Cannonball’s witty and insightful introductions of the compositions on In San Francisco hit the mark. Introducing his work was second nature to the genial alto saxophonist. In general, Cannonball was a busy bee, a vocal supporter of black jazz and the civil rights movement. Even before he made his name, Cannonball had been the organizer of the Army band in the late 40s.
He had a special rapport with Keepnews and soon acted as the A&R man of sorts. At the instigation of Cannonball, Riverside released a number of records of young talent/current colleagues that Cannonball thought deserved wider attention, the so-called A Cannonball Adderley Presentation albums. They were released over the course of two years, 1960-61.
Cannonball “presented” a number of cookin’ outfits, no surprise considering the Florida-born altoist’s impeccable taste and preference for blues-based jazz. The Paul Serrano Quintet’s Blues Holiday is a real groover. Trumpeter Paul Serrano is assisted by, among others, alto saxophonist Bunky Green and drummer Pete LaRoca. The J.F.K. Quintet’s New Frontiers From Washington D.C. (a lot of black musicians had high hopes of John F. Kennedy’s Presidency) is reminiscent of the soulful Jazz Crusaders. The group included bassist Walter Booker Jr., who would become the Cannonball Adderley Quintet’s bassist in the late sixties. Drummer Lenny McBrowne’s Eastern Lights is West Coast hard bop featuring fine writing by tenor saxophonist Donald Jackson. The Mangione Brothers’ – future heavyweights Chuck and Gap – got their first break on Riverside. The Jazz Brothers presents fresh, hot hard bop and features the fiery Sal Nistico on tenor saxophone.

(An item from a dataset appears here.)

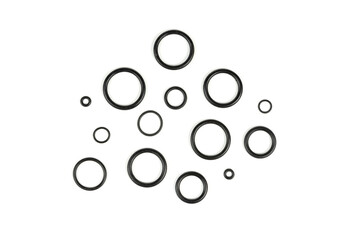 Hydraulic and pneumatic o-rings in black in different sizes on a white background. Various seals for plumbing. Sealing rings for hydraulic connections.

Cannonball chose a couple of great tenor saxophonists. Veteran Buddy Johnson went as far back as the 20s, is best known for his long association with Earl Hines, served with Ellington, Basie and introduced bop players to the Hines and Coleman Hawkins bands. And The Four Brass Giants (line-up!) is pretty spectacular. The wonderful Clifford Jordan hadn’t recorded as a leader since his excellent stint on Blue Note in 1957 and after Spellbound would record three more records on Riverside’s subsidiary label Jazzland. Bluesy Don Wilkerson made his high-profile debut with Nat Adderley, Barry Harris, Sam Jones/Leroy Vinegar and Billy Higgins. Wilkerson’s style matured on Blue Note in the early sixties. Last but not least, Adderley coupled James Clay with David “Fathead” Newman for The Sound Of The Wide Open Spaces!!!!!, a hard-driving classic reviewed by Flophouse here.
The unknown pianist Roosevelt Wardell delivered The Revelation, a kind of gospel-tinged Bud Powell-influenced trio album. Flophouse also reviewed that album, see here. Finally, there’s At The Showboat by pianist Dick Morgan, another trio album, and a meaty session by Morgan, who has tinges of Les McCann, Ray Bryant, Erroll Garner and Oscar Peterson, but whose hellhound-on-his-trail-ish, propulsive style is all his own.